One of the most interesting things about this defense is that Warburton's opponent, Mr. DeCrousaz, also recognized Pope's comments as referring to the Bible. DeCrousaz was critical of nearly all of Pope's Essay, but when he came to this section, he said:
We are brought at length to the Truths of Revelation. -- See Man once again re-established in his Rights, raised as far above Brutes as Heaven is above the Earth.
Even Pope's critics recognized that he was referring to the Bible in this Stanza.
Thus we see that both Pope and Bolingbroke, the two people that Stewart credits with introducing the phrase “Nature’s God” into English, both identified that God as the God of the Bible. Pope's contemporaries, even those who were critical of his work, recognized that he was referring to the God of the Bible. Bolingbroke said that the God of Nature gave the fathers of the Christian church a revelation which was superior to reason. And Pope’s defender Warburton recognized that Pope was referring to the truths of the Bible which are identified in the Gospels as “the very Summit of Christian Perfection.”
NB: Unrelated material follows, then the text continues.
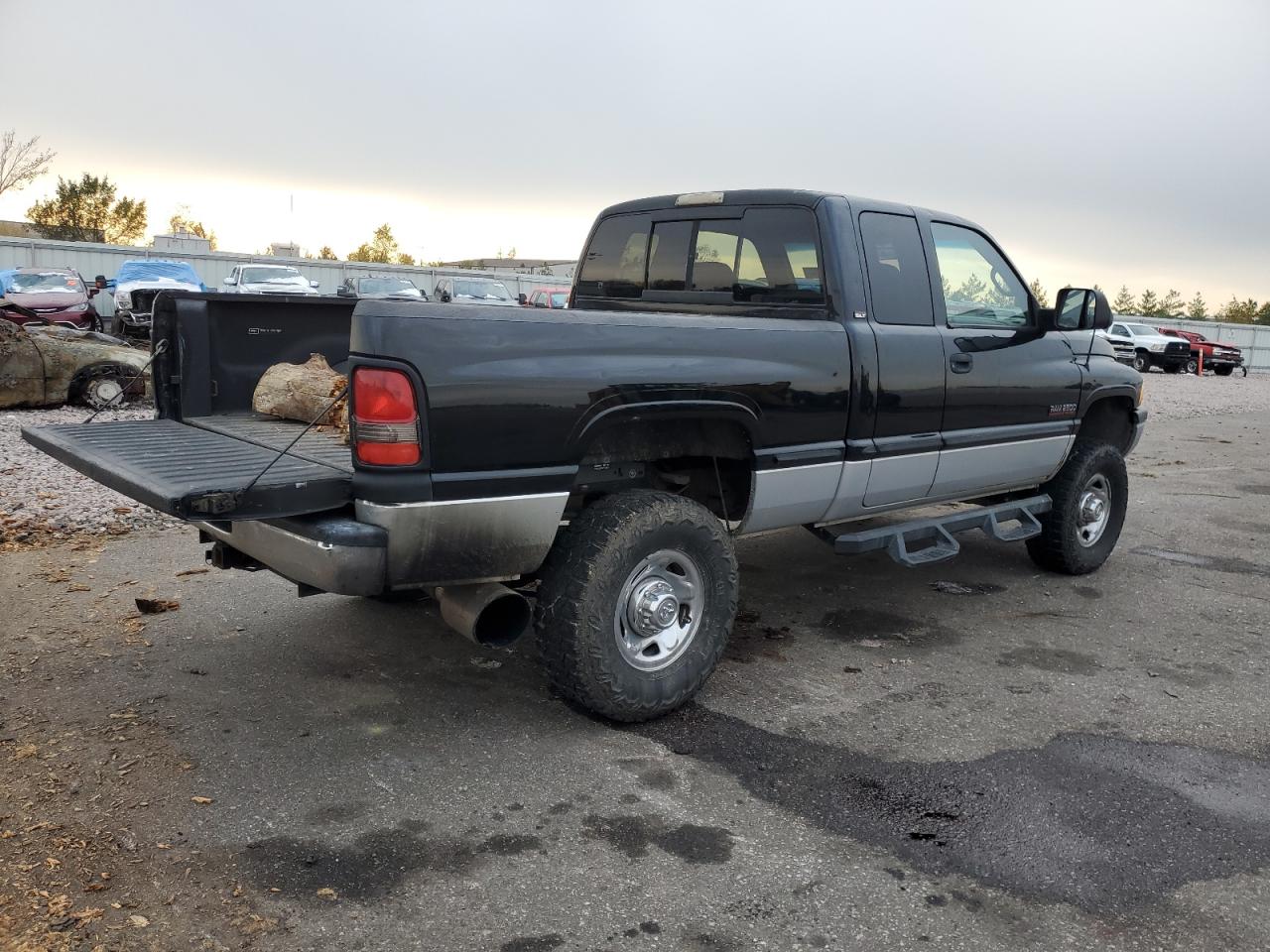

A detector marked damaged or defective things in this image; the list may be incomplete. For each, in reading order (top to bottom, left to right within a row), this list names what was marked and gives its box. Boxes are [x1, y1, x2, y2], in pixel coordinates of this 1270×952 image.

Stewart may wish all he wants for Pope’s God of Nature to be a mere pantheistic reference to Nature itself, but the facts say differently. For Stewart to leave these facts out of his book is either an incredible display of ignorance or a cold, calculated deception. I’ll leave you to decide which one may be correct, but for myself, I would prefer not to insult Mr. Stewart’s knowledge by choosing the former.
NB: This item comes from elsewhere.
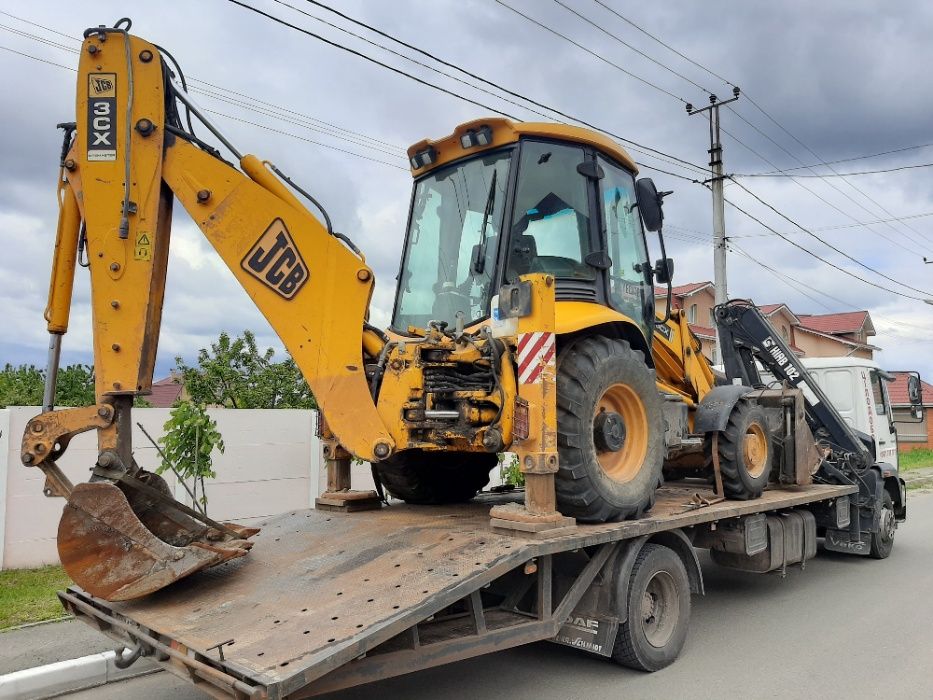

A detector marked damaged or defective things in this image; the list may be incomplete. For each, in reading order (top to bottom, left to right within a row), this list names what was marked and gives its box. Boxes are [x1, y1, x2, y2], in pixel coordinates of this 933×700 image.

rusty excavator bucket [22, 404, 262, 600]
(By the way, this review has also been posted on Amazon, and I would appreciate it if you would take a moment to go to the bottom of the review page and click "yes" to say that this review was helpful. The more "yes" votes my review gets, the more likely it will be seen by those considering Mr. Stewart's book.)
 Stewart, Matthew, Nature’s God: The Heretical Origins of the American Republic, pg 7
 Pope, Alexander, An Essay on Man, pg 107-108
 Stewart, Matthew, Nature’s God: The Heretical Origins of the American Republic, pg 166
 Pope, Alexander, An Essay on Man, pg 108-109
 Bolingbroke, Henry St. John, The Works of the Late Right Honorable Henry St. John, Lord Viscount Bolingbroke, vol. 3, pg 344
 Ibid, pg 345
 Warburton, William, A Critical and Philosophical Commentary on Mr. Pope’s Essay on Man, pg 170-172
"Give instruction to a wise man, and he will be yet wiser: teach a just man, and he will increase in learning." (Proverbs 9:9)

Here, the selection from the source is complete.